Mike Parker has found a family in Christ.
Coming through the double doors at the Bridge church for the first time on a Sunday morning. Mike Parker was nervous. 'It felt like walking onto a stage. But everyone was smiling, they were wearing normal clothes and I felt a warm welcome. People came up and talked to me. It just felt really good.'
All his life Mike Parker has lost people who were precious to him. ‘If there’s a single word that summed up my life, it’s “forsaken”’.
On his eighteenth birthday, he became father to twins. One of them passed at birth and the other he lost at the age of five.
He went to a priest to ask why is this happening, who replied that all he could offer was a prayer. Mike wanted answers, so he walked away and told him he’d not be seen again.
A downward spiral of being out of control with a mental health condition and addiction to drugs and alcohol got him shot once and stabbed on three occasions. A relationship breakdown in 2015 led to him becoming homeless and sleeping on the streets, in and out of hostels for a couple of years.
‘I was horrible. I didn’t care who I hurt, what I stole or what happened.’
At the same time, he felt completely isolated, convinced that he was the only one who felt like this. He once boarded himself into his flat, went into the kitchen and took all his meds at once – three months worth of sleeping tablets. A neighbour, concerned about something he’d said the night before, jumped over the fence and caught him just in time.
He hated God and blamed him for everything.
And then last year someone really, really close passed away. ‘She was kind of my first love, and it was devastating.’
His daughter tried to comfort him, saying that he shouldn’t worry because they’d meet again in heaven. Rather than accept the words with the kindness intended, he replied that he was not likely going to heaven, he was bound for hell.
She’d been going to Sunday school at the Bridge Church with her mother, and begged him to come along too.
When he eventually made it, he was overwhelmed by the welcome. ‘I’d known the pastor, Jason, for a while and when he saw me his face completely lit up.’
All of a sudden Mike wanted to know more and more, attending the weekday Soup and Scrolls group, led by LCM Missionary Martin Street, and reading story after story in the Bible.

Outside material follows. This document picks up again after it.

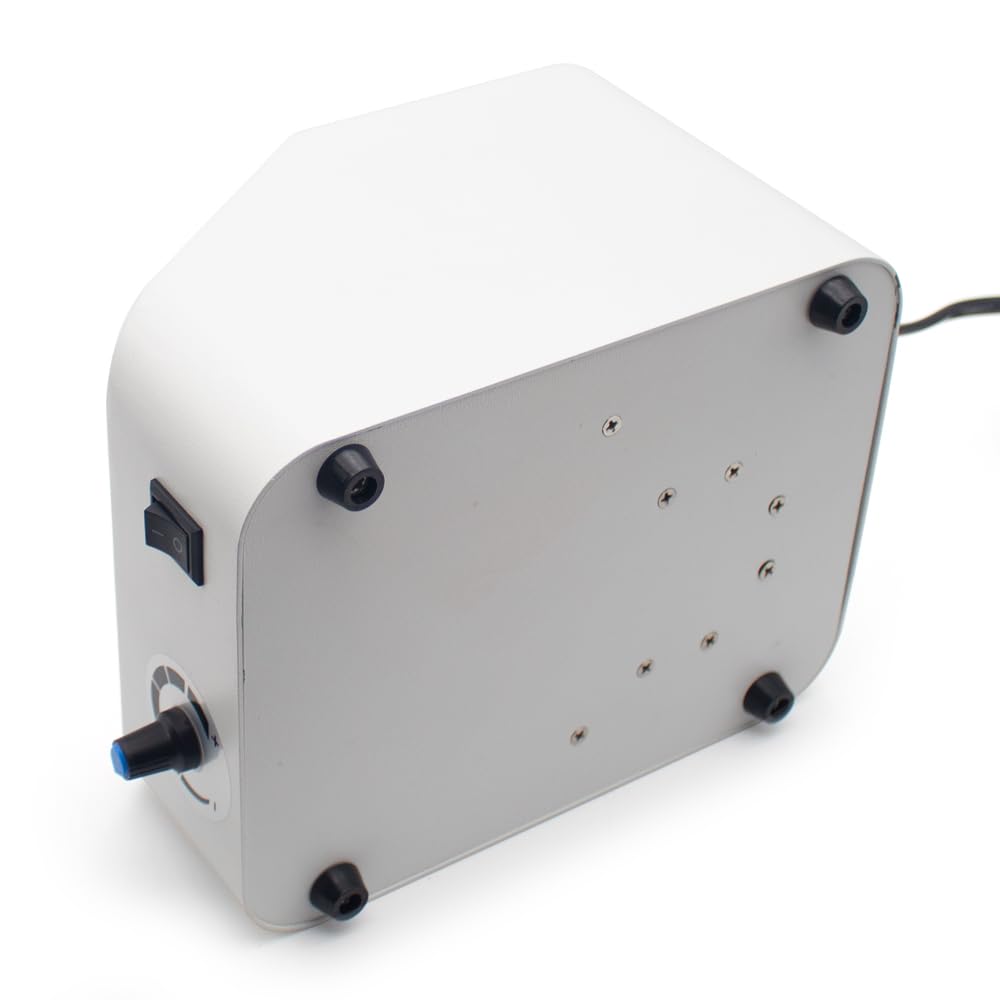 Toplionace Mélangeur électrique Multifonctionnel 220V CA pour Alginate et Poudre de Gypse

One day someone in the group said that with God in your life, you are never alone. ‘It really struck me,’ he says. ‘At that point, I got emotional and upset.

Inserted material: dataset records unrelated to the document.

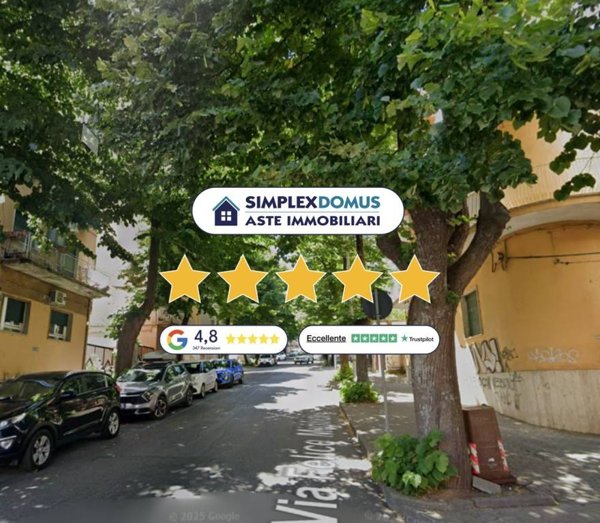 appartamento in vendita a Cosenza in zona Cosenza Vecchia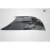 2008-2023 Dodge Challenger Dritech Hellcat Look Hood - 1 Piece - image 11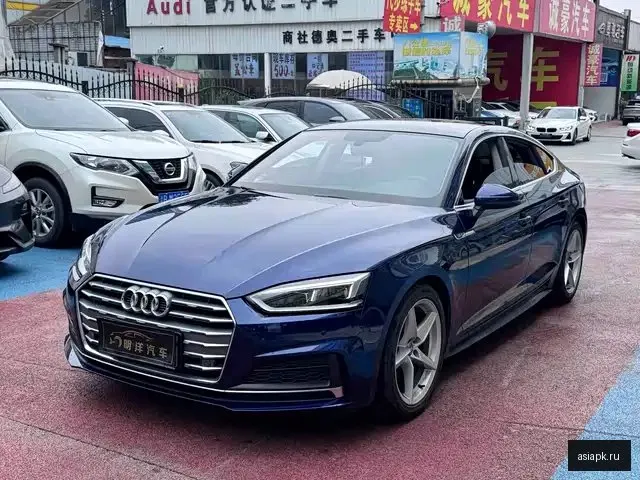 Audi A5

‘But I had a feeling, it was like someone had gently put a reassuring hand on my back. And what that sensation was saying to me was, “It’s ok.” It was then that I knew for sure that faith in Jesus was for real.’
‘The church is always there for me. They’re not just friends, they’re brothers and sisters, I’ve gained a father as well and a brother in Jesus. It’s like being born again, literally like being born again.

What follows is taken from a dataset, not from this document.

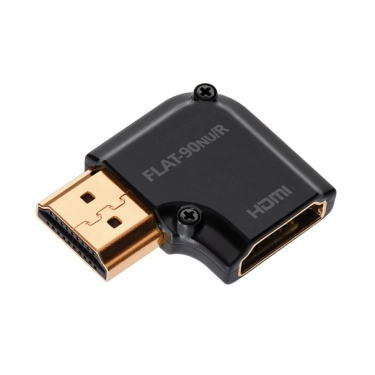 Audioquest HDMI 90 nu/R Flat Adapter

‘Because of my condition, I’ve got the attention span of a gnat and I get really affected by things. But LCM Missionary Martin Street gives me portions of the Psalms, and they really help.
‘I got really down this weekend: things looked like they were falling apart. I phoned Martin and he was at my door in a flash. I thought it was the end of the world, but then we sat together, talked it through and he read a Psalm.
‘And we prayed and then I came to church.
I got my daughter and we came to church. ‘Before you can love yourself, you need to love God and know his love, and then you can love others too. And I know that when Jesus returns, I will be reunited with people I’ve lost: children, family, and friends. Jesus is the most loving, forgiving person I’ve ever met.